When you have this type declaration:

i :: a

It means that you are declaring the symbol i that can be slotted into any location that requires an a. It is a task for the compiler to process the overall program specification and infer that a has a particular concrete type. When the program is specified though, the value i has a generic type with no bounds, and the only way to construct such a value is to supply a value of type a from somewhere else.

The problem here is not that you can't bind 1 to i, but that you cannot construct any value of type a.

A direct analog of this would be - not the application of the id function as you called out - but that you cannot define a function with the following signature, not including bottom:

f :: a -> b

The reason is that you can't supply a value of type b.
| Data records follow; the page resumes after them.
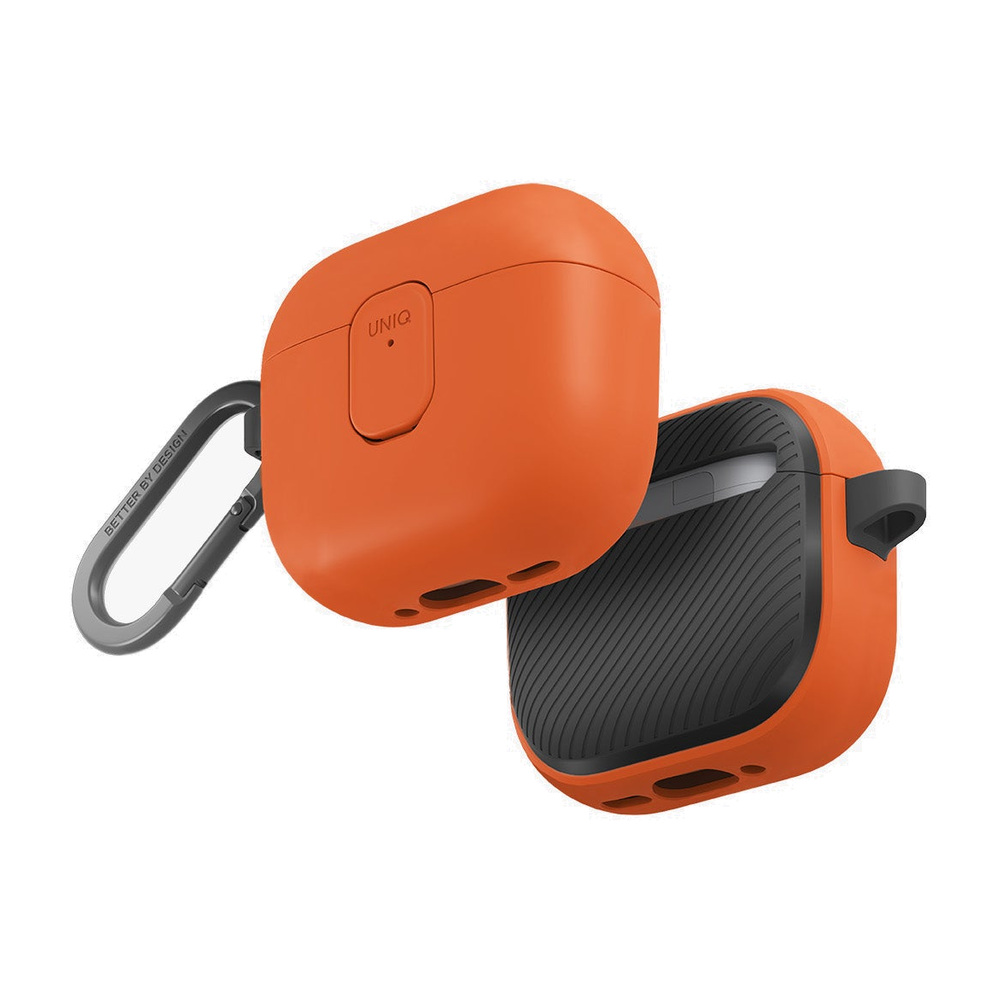UNIQ Clyde Locking Case for AirPods 4th / 5th Gen - Volt Orange / Charcoal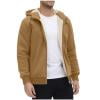 Taqqpue Men Fleece Hoodies Casual Solid Color Drawstring Zipper Hooded Sweatshirt Tops Fall Winter Loose Fit Plus Size Jackets Outwear with Pockets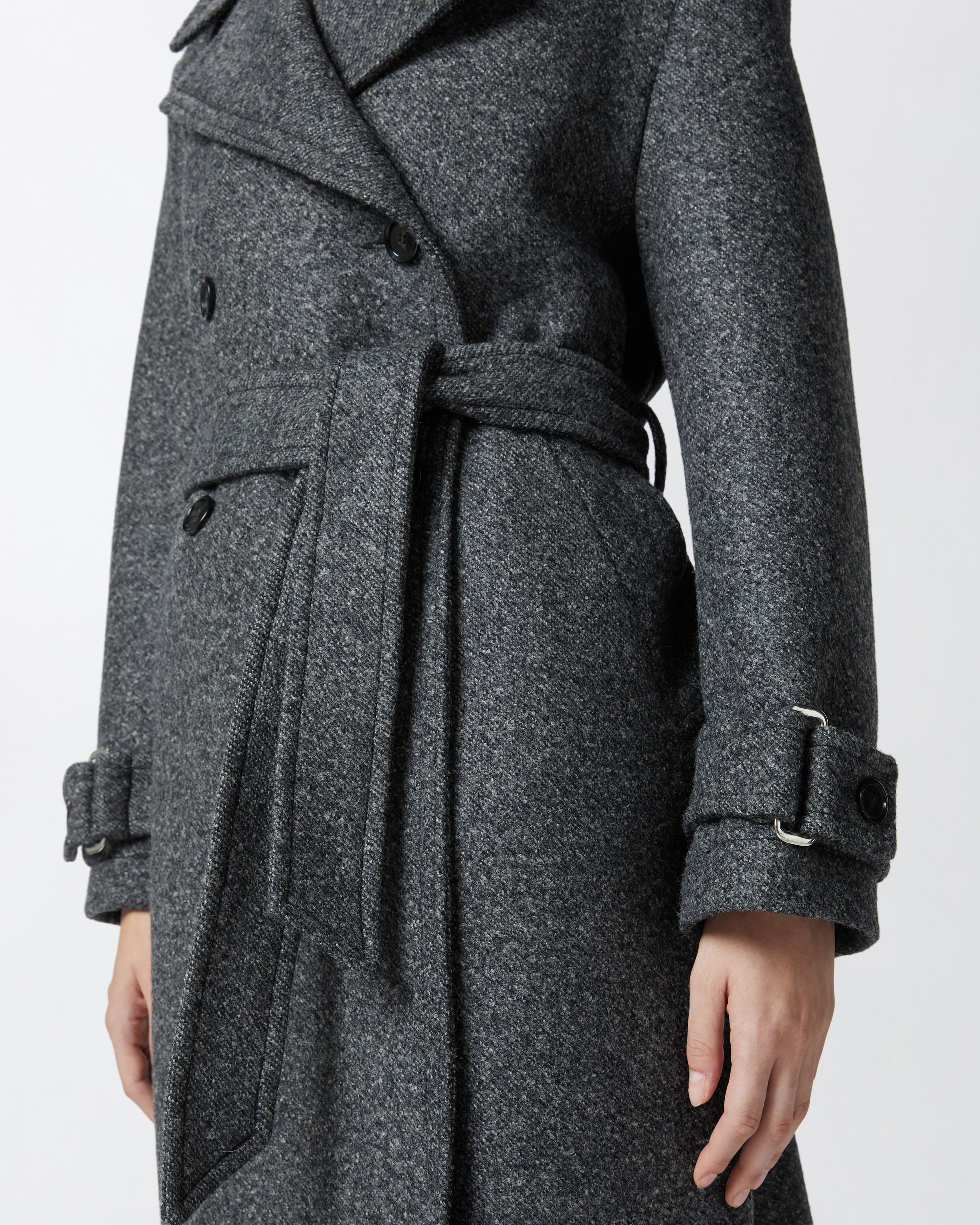 Pinko Trench Coat With Belt In Grey - Pewter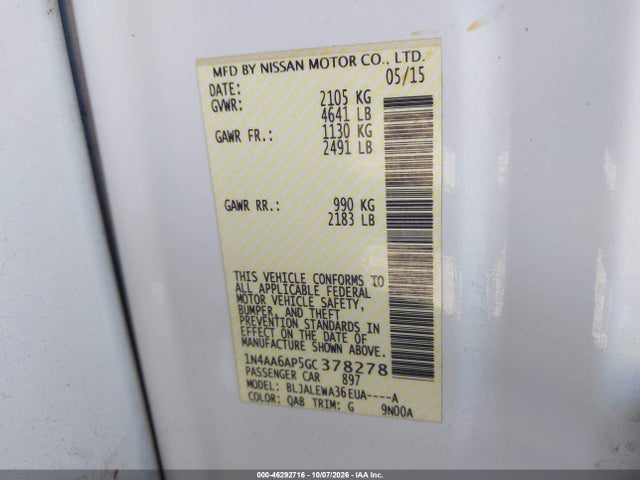 1N4AA6AP5GC378278 Nissan Maxima 3.5 Sl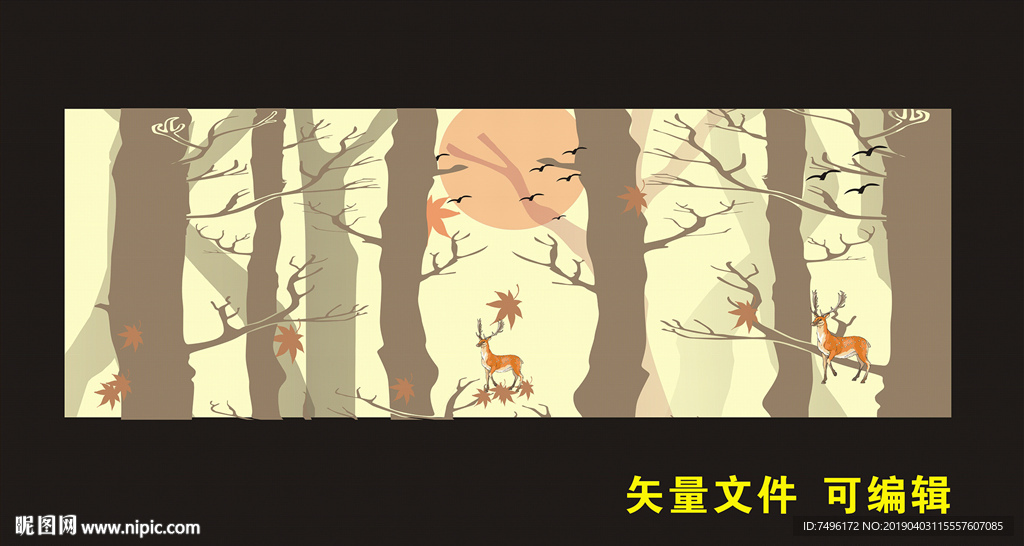 无框画  树林深外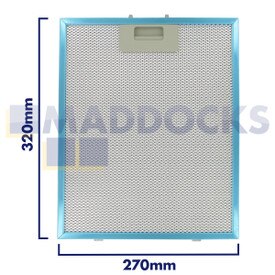 Filtro de coifa de malha de arame universal, comprimento lateral do cabo 270 mm, comprimento lateral liso 320 mm, compatível com Baumatic, fogões, Belling, New World
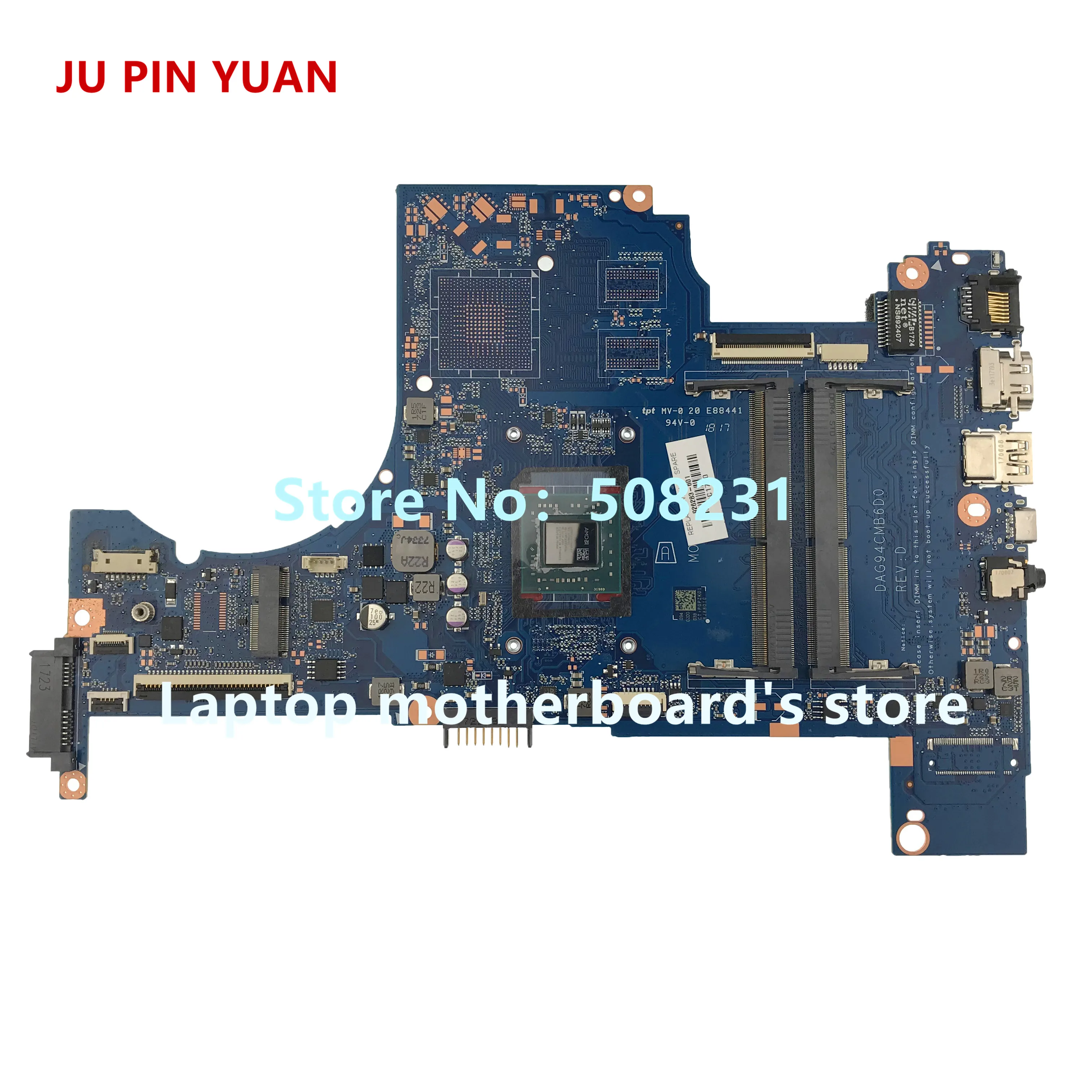 Ju pin yuan 926305-601 G75A DAG75AMBAD0 для ноутбука hp Pavilion power 15-CB материнская плата для ноутбука GTX1050 4 Гб i7-7700 полностью протестирована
I have some experience with Java, and it has a similar constraint that generic types cannot be instantiated.

-- 
RRI

On Mon, Jul 22, 2019 at 7:30 PM James Jones <jejones3141@gmail.com> wrote:
One problem in Programming Haskell from First Principles confuses me. (So far.)

It's one where you start with the declaration and binding

i :: Num a => a
i = 1

(which of course works because Num a => a is the type of 1) and then change the declaration to

i :: a

and first try to predict and then see what happens. It fails, with ghci suggesting that you put the Num a => back. That seemed reasonable at first, but then I considered this:
  • id has type a -> a, and if you try to evaluate id 1 it works without complaint.
  • In all the work I've done on compilers, parameter passing has effectively been assignment of actual parameters to the corresponding formal parameters. In Haskell, that might mean passing along the appropriate thunk, but the principle is the same, isn't it?
So, if I can't bind 1 to i which is declared to have type a, why can I successfully pass 1 to id?